Background

It is regarded that a well-designed randomized controlled trial is the gold standard for the development of effective interventions in healthcare. The effects of an intervention can be impacted by insufficient implementation, which may also lead to inaccurate explanations of the findings of the study [1]. Intervention fidelity is regarded as an important component of an intervention, as it affects the design and implementation of a study as well as the analysis of the results and interpretation of the findings. Fidelity is defined as “the methodological strategies applied to monitor and ensure the reliability and validity of behavioral interventions” [2]. It is a core component of a well-designed clinical trial and processes that are used to ensure that the study intervention is delivered as planned [3,4,5,6,7]. Intervention fidelity requires careful consideration of the design of the study, the development of the intervention protocol, and the training of the research staff [3, 6]. The lack of a method to assess the fidelity of an intervention may lead to bias in the findings of a study and to uncertainty over whether the results were affected by the level of infidelity to the intervention or by the ineffectiveness of the intervention [8].

Process fidelity and content fidelity have been reported as the different components of intervention fidelity [1]. There are various strategies for assessing fidelity, such as via an intervention manual, direct observation, and videotapes or audiotapes of the implementation of the intervention [2, 6]. Studies have pointed out that it is necessary to develop fidelity assessment tools suitable for a particular intervention [9].

The study that we conducted was a clustered randomized control trial entitled Effectiveness of a peer-led pain management program in relieving chronic pain and enhancing pain self-efficacy among older adults.
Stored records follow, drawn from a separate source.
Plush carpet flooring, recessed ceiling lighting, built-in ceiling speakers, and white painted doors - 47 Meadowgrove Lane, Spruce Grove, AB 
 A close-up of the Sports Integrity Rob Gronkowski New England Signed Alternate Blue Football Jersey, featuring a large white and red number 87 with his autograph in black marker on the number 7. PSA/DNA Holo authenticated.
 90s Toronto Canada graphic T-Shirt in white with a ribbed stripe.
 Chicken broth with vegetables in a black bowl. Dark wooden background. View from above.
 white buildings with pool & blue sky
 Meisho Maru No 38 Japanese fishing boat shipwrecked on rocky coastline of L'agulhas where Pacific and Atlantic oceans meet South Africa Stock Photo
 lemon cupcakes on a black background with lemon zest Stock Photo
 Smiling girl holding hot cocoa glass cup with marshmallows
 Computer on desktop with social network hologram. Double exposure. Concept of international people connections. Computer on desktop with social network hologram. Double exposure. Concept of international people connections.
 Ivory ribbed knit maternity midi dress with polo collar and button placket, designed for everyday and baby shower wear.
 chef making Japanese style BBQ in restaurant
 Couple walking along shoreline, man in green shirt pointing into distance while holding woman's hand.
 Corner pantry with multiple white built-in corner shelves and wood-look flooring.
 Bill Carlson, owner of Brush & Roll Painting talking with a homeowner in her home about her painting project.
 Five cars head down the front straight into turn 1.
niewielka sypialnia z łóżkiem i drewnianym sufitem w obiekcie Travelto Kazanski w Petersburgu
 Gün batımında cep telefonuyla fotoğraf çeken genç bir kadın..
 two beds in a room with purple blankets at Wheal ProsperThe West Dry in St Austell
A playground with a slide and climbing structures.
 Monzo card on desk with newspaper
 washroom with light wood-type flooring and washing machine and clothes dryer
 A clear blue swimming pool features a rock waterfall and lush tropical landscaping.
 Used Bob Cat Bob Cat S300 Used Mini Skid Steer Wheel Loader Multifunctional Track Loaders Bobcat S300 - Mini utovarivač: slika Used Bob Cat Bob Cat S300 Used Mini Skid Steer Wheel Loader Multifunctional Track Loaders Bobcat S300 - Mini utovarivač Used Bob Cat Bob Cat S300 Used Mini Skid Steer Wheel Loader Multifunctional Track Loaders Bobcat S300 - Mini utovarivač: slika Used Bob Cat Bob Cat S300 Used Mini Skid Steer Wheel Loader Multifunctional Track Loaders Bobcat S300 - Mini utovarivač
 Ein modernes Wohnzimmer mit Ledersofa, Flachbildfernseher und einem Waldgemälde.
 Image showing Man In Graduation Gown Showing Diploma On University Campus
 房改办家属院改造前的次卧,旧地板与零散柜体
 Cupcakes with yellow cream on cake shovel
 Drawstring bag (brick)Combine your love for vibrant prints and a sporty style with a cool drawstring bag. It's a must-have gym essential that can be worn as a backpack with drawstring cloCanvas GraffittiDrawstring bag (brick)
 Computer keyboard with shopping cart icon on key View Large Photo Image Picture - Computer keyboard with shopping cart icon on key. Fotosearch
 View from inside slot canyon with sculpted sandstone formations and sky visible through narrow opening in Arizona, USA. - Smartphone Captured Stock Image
The intervention that we designed for our study was a peer-led chronic pain management program (PAP) led by a peer volunteer (PV) using a teaching manual, and the group that received this intervention was compared with a group that received the usual care. The Stanford Chronic Disease Self-Management Program and the chronic pain self-management program developed by Ersek et al. were used as our theoretical framework [10]. The focus of our study was on the ability to manage pain and pain-related symptoms, the treatment of pain, and the physical and psychosocial consequences and lifestyle changes inherent in living with a chronic pain condition.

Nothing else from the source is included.